What exactly is going on this awards season? With the Baftas crowning All Quiet on the Western Front as its Best Film winner, we’ve officially entered chaos mode. All bets are off. Anything could happen. The German-produced take on Erich Maria Remarque’s piercing, anti-war novel – in which innocent patriotism goes curdled and cold in the trenches of the First World War – first dropped on Netflix without much fanfare, back in October. The words “Bafta”, “Oscar”, and “winner” were nowhere to be seen.

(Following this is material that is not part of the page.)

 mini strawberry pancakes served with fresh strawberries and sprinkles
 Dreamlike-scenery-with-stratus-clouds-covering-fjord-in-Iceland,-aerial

Flash forward to Sunday night’s ceremony, and All Quiet on the Western Front has not only walked away with the top prize, but its cumulative seven wins mean it’s now beaten out Giuseppe Tornatore’s Cinema Paradiso as the most highly decorated non-English language film in Bafta history. Let me be clear about why exactly this win has awards prognosticators everywhere tearing their hair out. The shock here isn’t because All Quiet on the Western Front is undeserving – it’s been praised from all corners, and the reviews have been almost universally positive – but because it essentially throws out the window all the typical rules about how these awards work. People will be annoyed. But, trust me, awards season could really do with a little more anarchy.
All Quiet on the Western Front is the rejected child of the family who lands the Harvard scholarship. Netflix was busy putting its might (and its money) behind flashy names and previous nominees – Noah Baumbach’s White Noise, Rian Johnson’s Glass Onion: A Knives Out Mystery, and Alejandro González Iñárritu’s Bardo, False Chronicle of a Handful of Truths. It succeeded without anyone particularly willing it to.
As much as it’s fun to bicker over the wins every year, we always have to do so with a consciousness that a Bafta or Oscar win doesn’t always represent the best of the best. Certainly, sometimes they do! And it’s wonderful when they do. But there are always outside forces at work – studio campaigns and carefully constructed narratives. It’s always a little bit about which films were most forcefully put in front of voters’ faces.
In recent years, the Baftas have done a visibly better job than the Oscars of putting all their talk of diversity and inclusion (nominated here and noticeably missing from the Oscars were Danielle Deadwyler’s performance for Till and Gina Prince-Bythewood’s direction of The Woman King). But it’s always odd to me that something like Charlotte Wells’s Aftersun, which topped so many Best Film lists from last year and made it to #2 on mine, came away so empty-handed. It won Best British Debut, but Wells wasn’t even nominated for Best Director. Neither was the film nominated for Best Film, despite it being the only longlisted title in the category directed by a woman. Even The Woman King failed to make the cut. The reason why isn’t so hard to guess. Aftersun was distributed by MUBI. They are not Netflix. They are not Disney. If All Quiet on the Western Front felt like it came out of nowhere, imagine the uphill battle Aftersun was fighting.
Will All Quiet on the Western Front’s surprise win be repeated at the Oscars? I’m not sure. Although I think this may spell the end of The Banshees of Inisherin’s Best Picture hopes (coimisinéirí, Ireland!), All Quiet at the Western Front will have much tougher competition stateside from Everything Everywhere All at Once. Maybe I’m making a harsh judgement here, but I partially assumed that the sweeping sincerity of the Daniels’s tale of multiversal, familial love would be just a little too sweet for Baftas’ tastes. But a film about one of the two world wars? That’s pretty on-brand for them. Certainly, I don’t think Michelle Yeoh or Ke Huy Quan will lose out on Best Actress and Best Supporting Actor at the Oscars. This year is a weird one. But isn’t it sort of thrilling to have no idea what happens next?